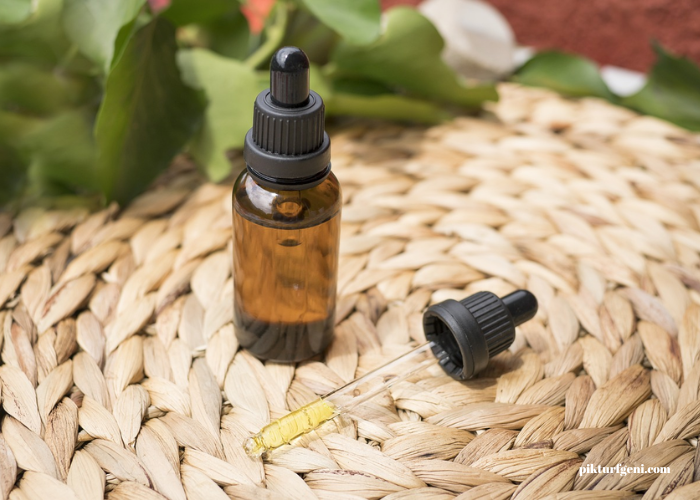 Why Should You Buy CBD Oil Online This Season?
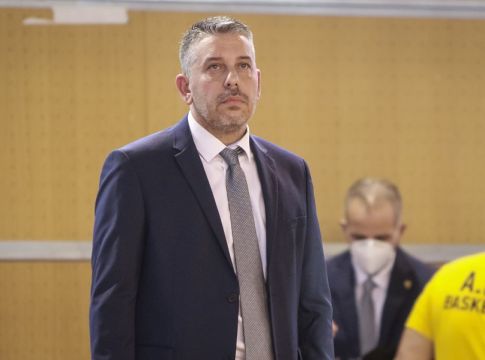 Παπαθεοδώρου : «Να τα δώσουμε όλα κόντρα στην Τσμόκι Μινσκ»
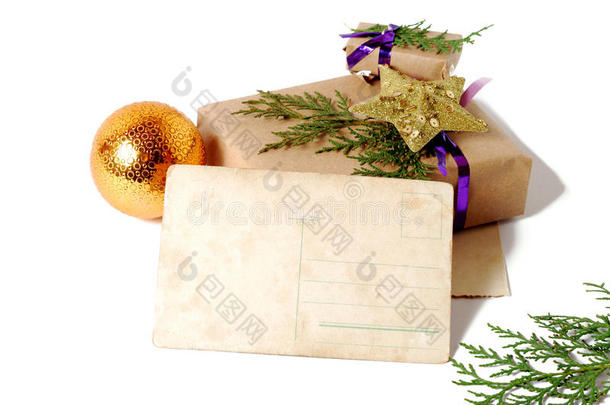 <strong>工艺礼品</strong>盒与贺卡文字。 圣诞节，新年假期背景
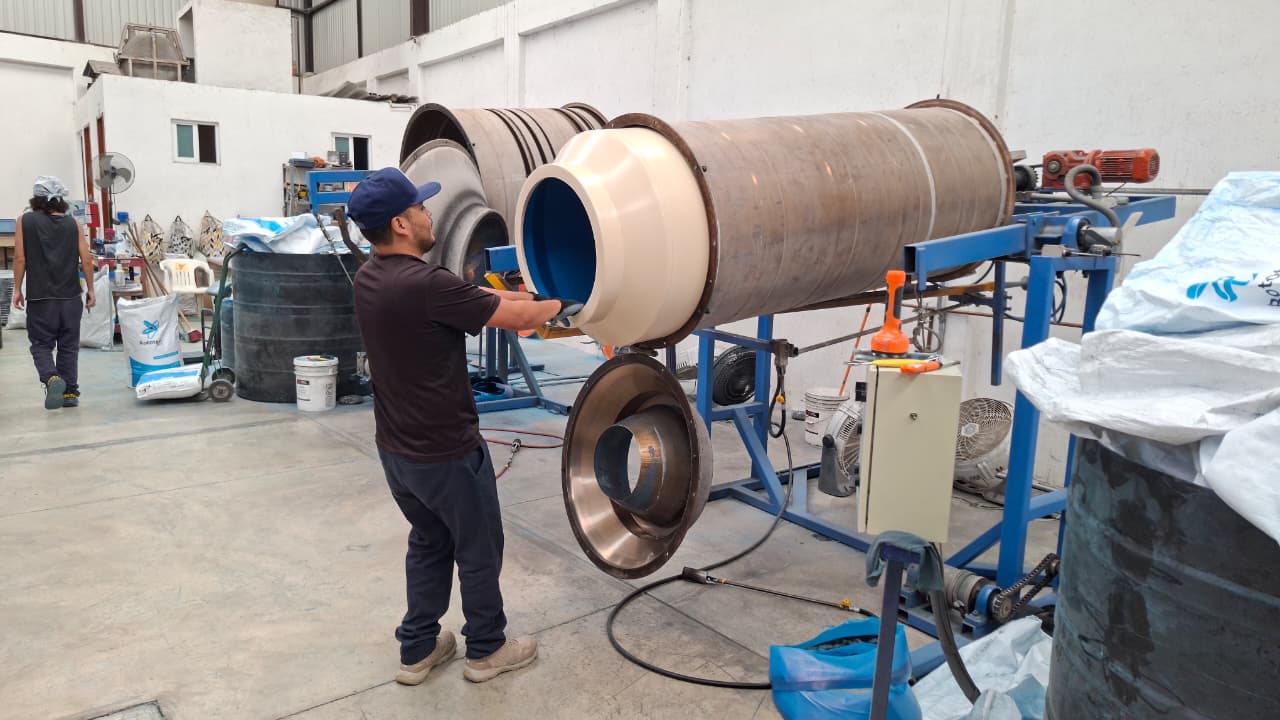 Proceso de rotomoldeo ROTOMUNDO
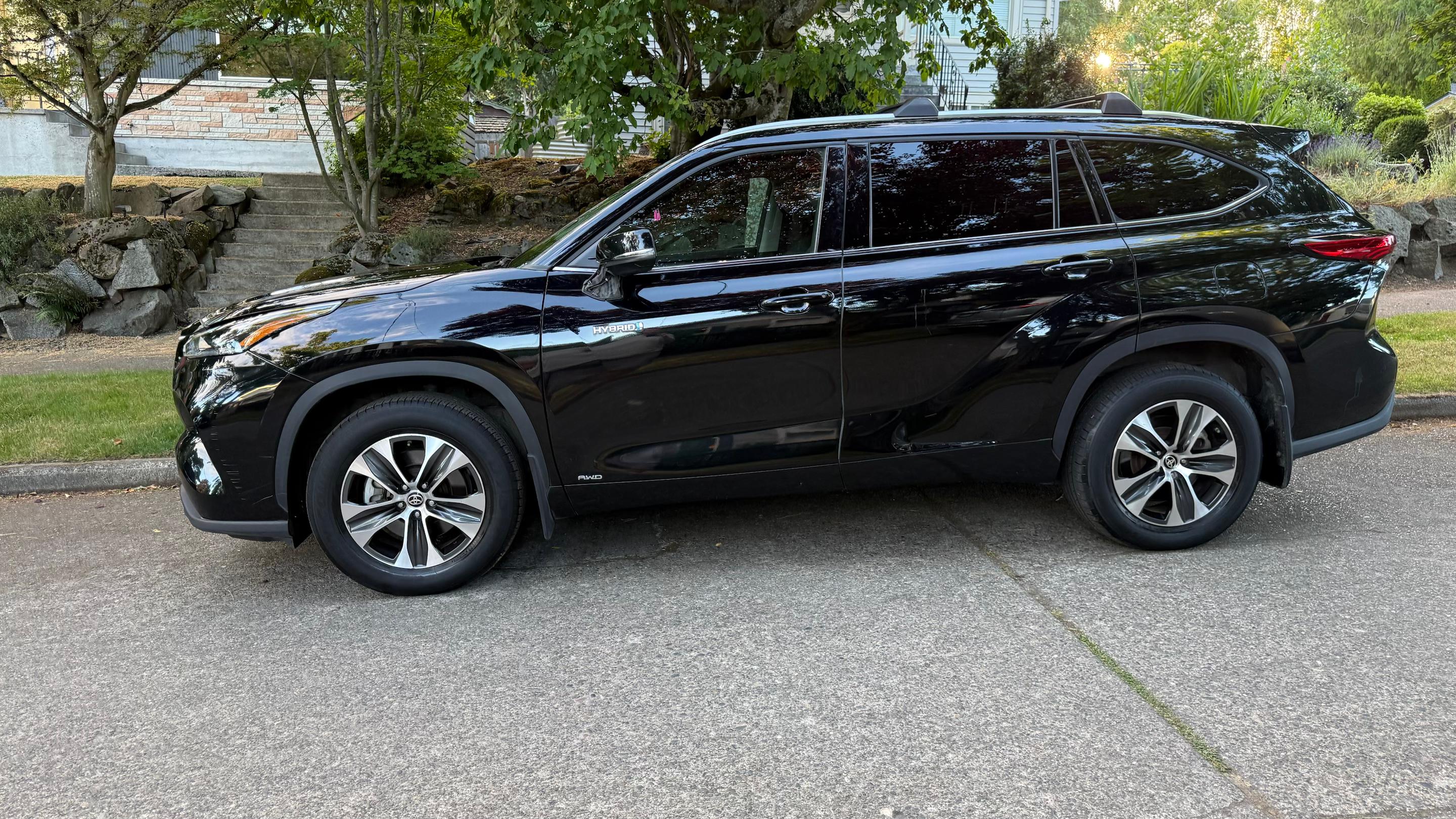 Toyota Highlander Hybrid 2021 in Seattle, WA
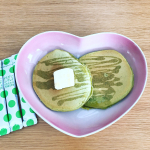 今日のお昼はグリーンホットケーキ♡「からだにユーグレナ」形は全然綺麗に焼けなかった(>_<)けど、色は綺麗なグリーン👐子供は抹茶だ〜🙌✨と喜んで食べてました( ง ᵒ̌&forall;ᵒ̌)ง⁼&hellip;のInstagram画像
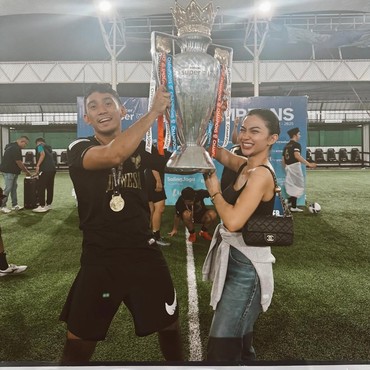 Menang Tanding Bola, Foto Daffa Wardhana dan Ariel Tatum Pegang Piala Disorot
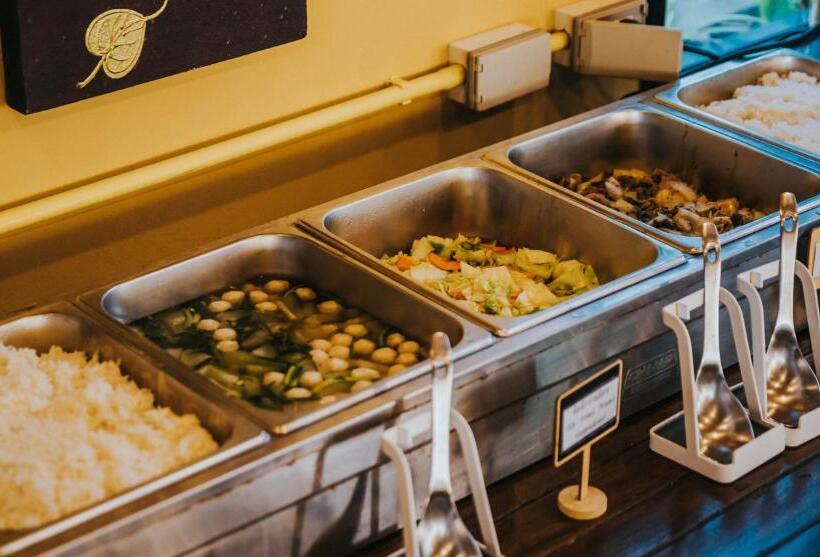 בית מלון כפרי Talay Sai @ Thung Wua Laen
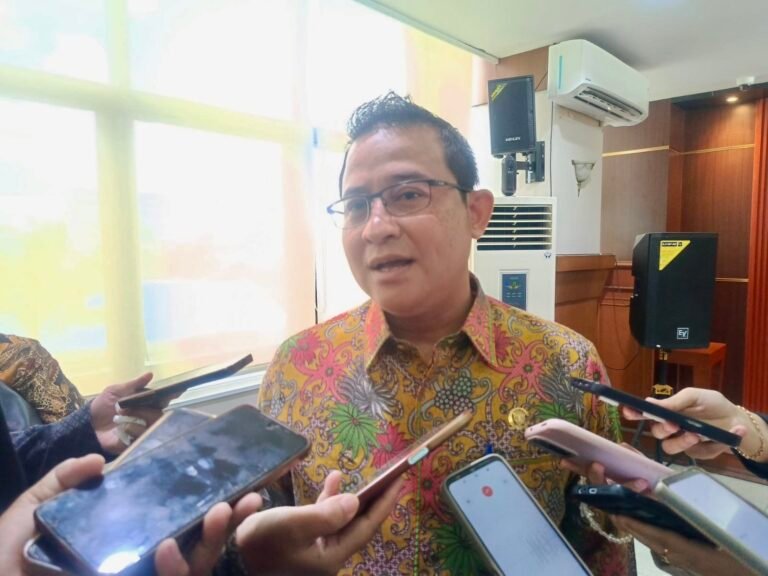Sapto Setyo Pramono Soroti Kinerja Perusda Kaltim: Punya Potensi, Tapi Belum Kelihatan
Telah dibaca : 721 Kali.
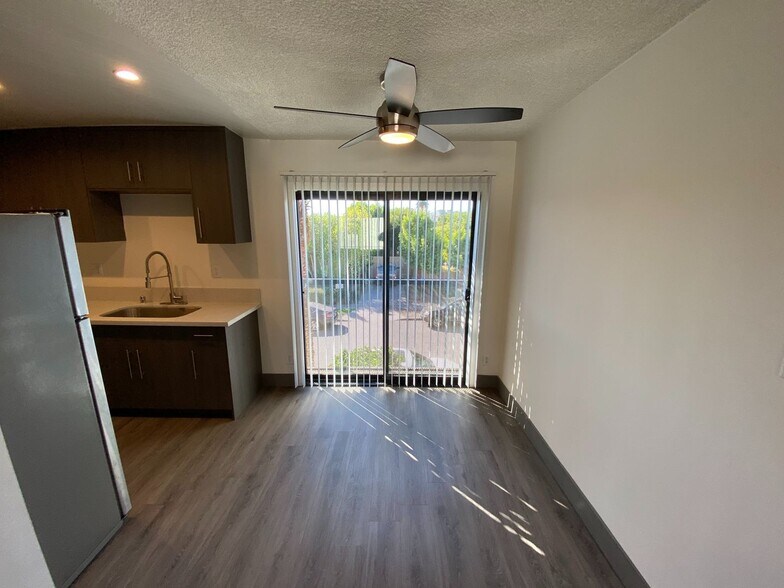 Building Photo - 3510 Clarington Ave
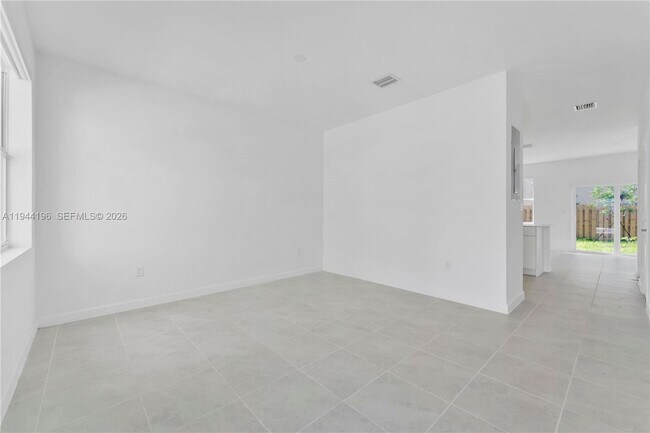 12168 SW 268th St in Homestead, FL - Building Photo - Building Photo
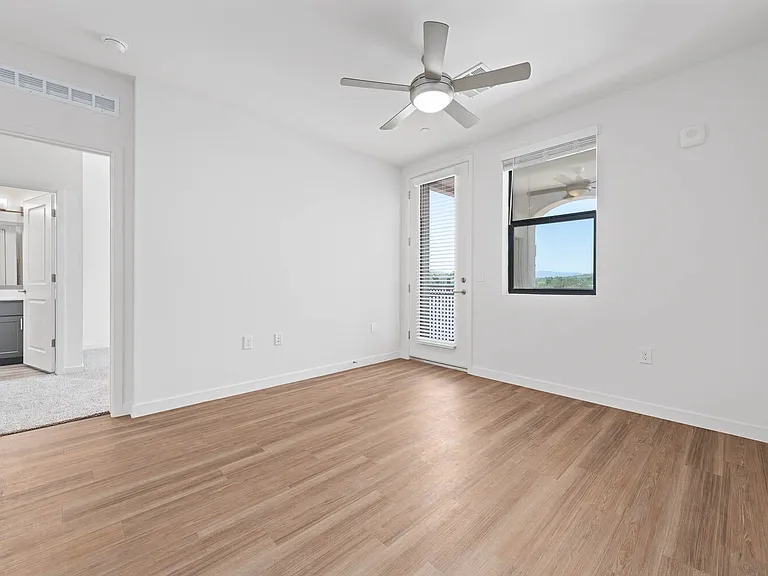 Solara Vista — Photo 23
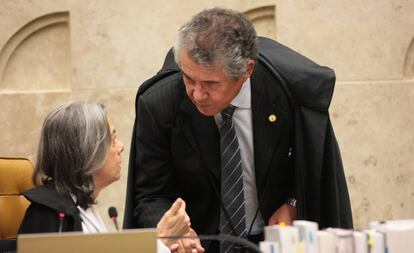 Ministra Cármen Lúcia e ministro Marco Aurélio durante sessão do STF.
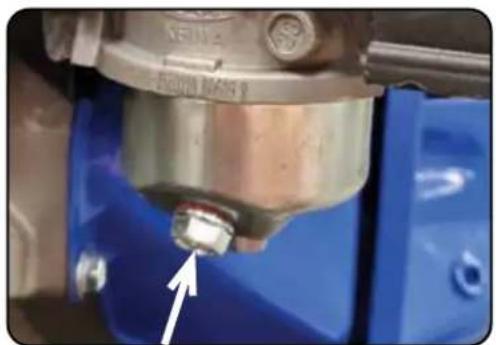 DuroMax XP7500DX - Shut fuel valve OFF - 1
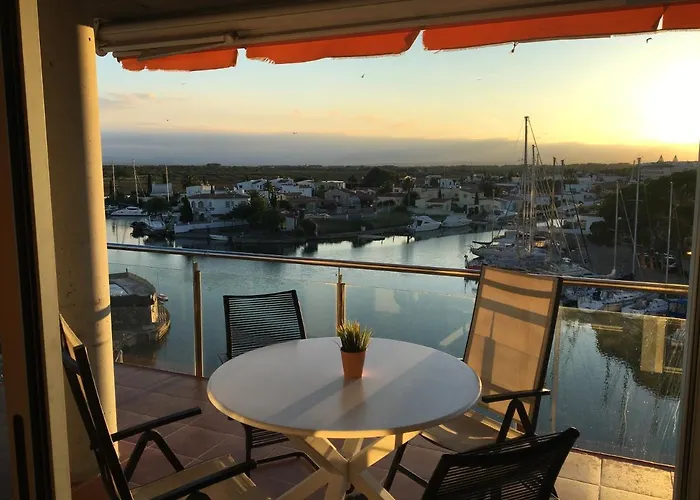 Vue Panoramique Sur La Mediterrannee, Sur Canal & Proche Appartement Roses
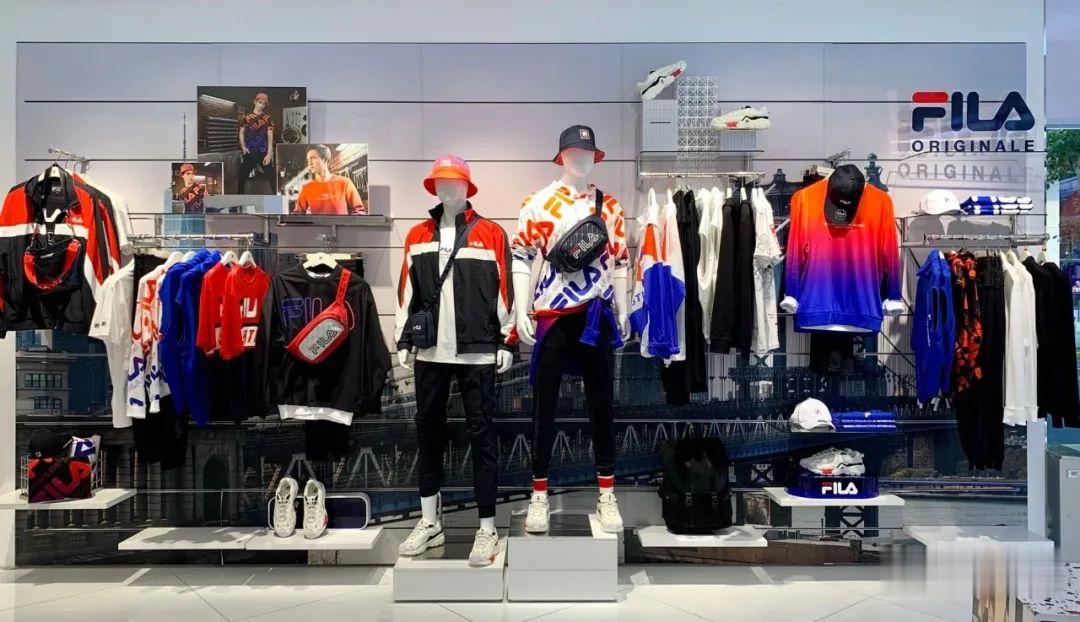 设计师|淮海·壹佰廿｜潮玩淮海——FILA旗舰店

---

The task
An exact copy of all the entries is required, and it must contain no pictures.

Written response
 Why Should You Buy CBD Oil Online This Season?
 Παπαθεοδώρου : «Να τα δώσουμε όλα κόντρα στην Τσμόκι Μινσκ»
 <strong>工艺礼品</strong>盒与贺卡文字。 圣诞节，新年假期背景
 Proceso de rotomoldeo ROTOMUNDO
 Toyota Highlander Hybrid 2021 in Seattle, WA
 今日のお昼はグリーンホットケーキ♡「からだにユーグレナ」形は全然綺麗に焼けなかった(>_<)けど、色は綺麗なグリーン👐子供は抹茶だ〜🙌✨と喜んで食べてました( ง ᵒ̌&forall;ᵒ̌)ง⁼&hellip;のInstagram画像
 Menang Tanding Bola, Foto Daffa Wardhana dan Ariel Tatum Pegang Piala Disorot
 בית מלון כפרי Talay Sai @ Thung Wua Laen
Sapto Setyo Pramono Soroti Kinerja Perusda Kaltim: Punya Potensi, Tapi Belum Kelihatan
Telah dibaca : 721 Kali.
 Building Photo - 3510 Clarington Ave
 12168 SW 268th St in Homestead, FL - Building Photo - Building Photo
 Solara Vista — Photo 23
 Ministra Cármen Lúcia e ministro Marco Aurélio durante sessão do STF.
 DuroMax XP7500DX - Shut fuel valve OFF - 1
 Vue Panoramique Sur La Mediterrannee, Sur Canal & Proche Appartement Roses
 设计师|淮海·壹佰廿｜潮玩淮海——FILA旗舰店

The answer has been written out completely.